Questo accadeva due anni fa. Quanto sia stato differente prima e dopo non lo sappiamo, non ci sono intercettazioni. La Rai in questi giorni ha avviato un’inchiesta interna e forse ha avuto termine il collateralismo quotidiano fra i due colossi tv. Ma è difficile pensare che se ne esca tanto facilmente, così come è difficile immaginare che una Rai privatizzata sarebbe una Rai non lottizzata. Ma a questo siamo, alla Rai privatizzata? Se ne parla come dell’accettazione di un male minore, l’eutanasia per un organismo infettato da troppi virus.
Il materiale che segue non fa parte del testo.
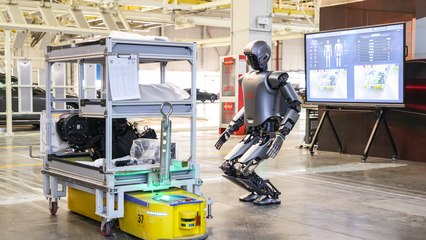 北汽新能源攜手優必選 人形機器人質檢員亮相享界超級工廠，引領智能制造新篇章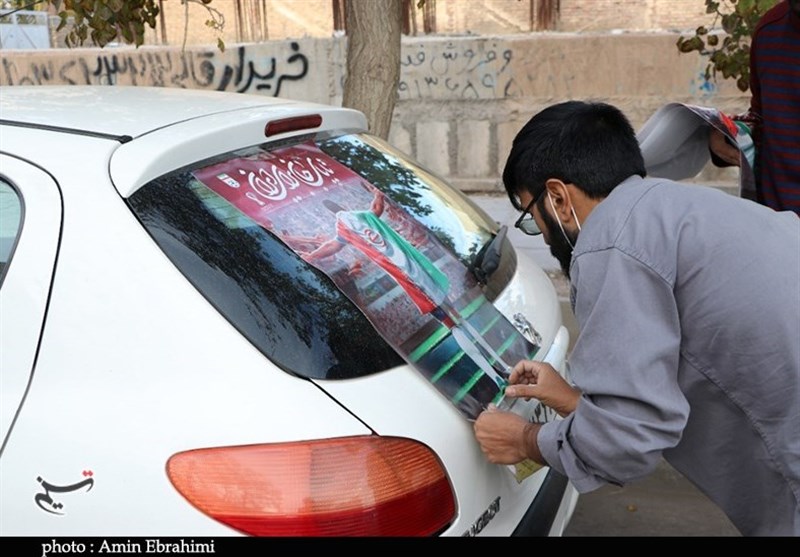 استان کرمان , تیم ملی فوتبال ایران , جام جهانی 2022 قطر , جام جهانی قطر ,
Al suo capezzale diversi manager si fregano le mani.
In questi giorni però la Rai ha calato due assi, e non nella riserva indiana di Rai Tre, l’ultimo baluardo di un servizio che si possa dire pubblico, ma in prima serata sul primo canale. Celentano e Benigni. Due personaggi eccentrici e fuori dal tempo, talmente carismatici da avere ricevuto carta bianca per le loro trasmissioni. Il primo ha proposto le sue riflessioni popolari e alternative, figlie della via Gluck; l’altro si è spinto ancora più lontano raccontandoci Dante Alighieri. Appena ci si allontana dal mainstream, si trovano spunti per raccontare un’Italia diversa. Svapora l’omologazione duopolistica e lo spettatore può respirare. E qualcuno questi format li ha pensati, e qualcun altro li ha autorizzati.
Torniamo agli uomini che scelgono di cosa riempire la televisione. E vediamo un servizio pubblico in bilico tra servilismo e proposta intelligente. Così come l’inciucio e la lottizzazione moderni non sono più quelli di Bernabei, anche Benigni e Celentano non sono eredi diretti della televisione pedagogica dei primi decenni. Sui loro palchi oggi si vuole vincere soprattutto la battaglia dello share. Ma le tendenze di fondo, i dilemmi, pur nella loro esasperazione, si assomigliano ancora. E dietro al televisore, e al servizio pubblico, ci sono sempre delle persone che scelgono.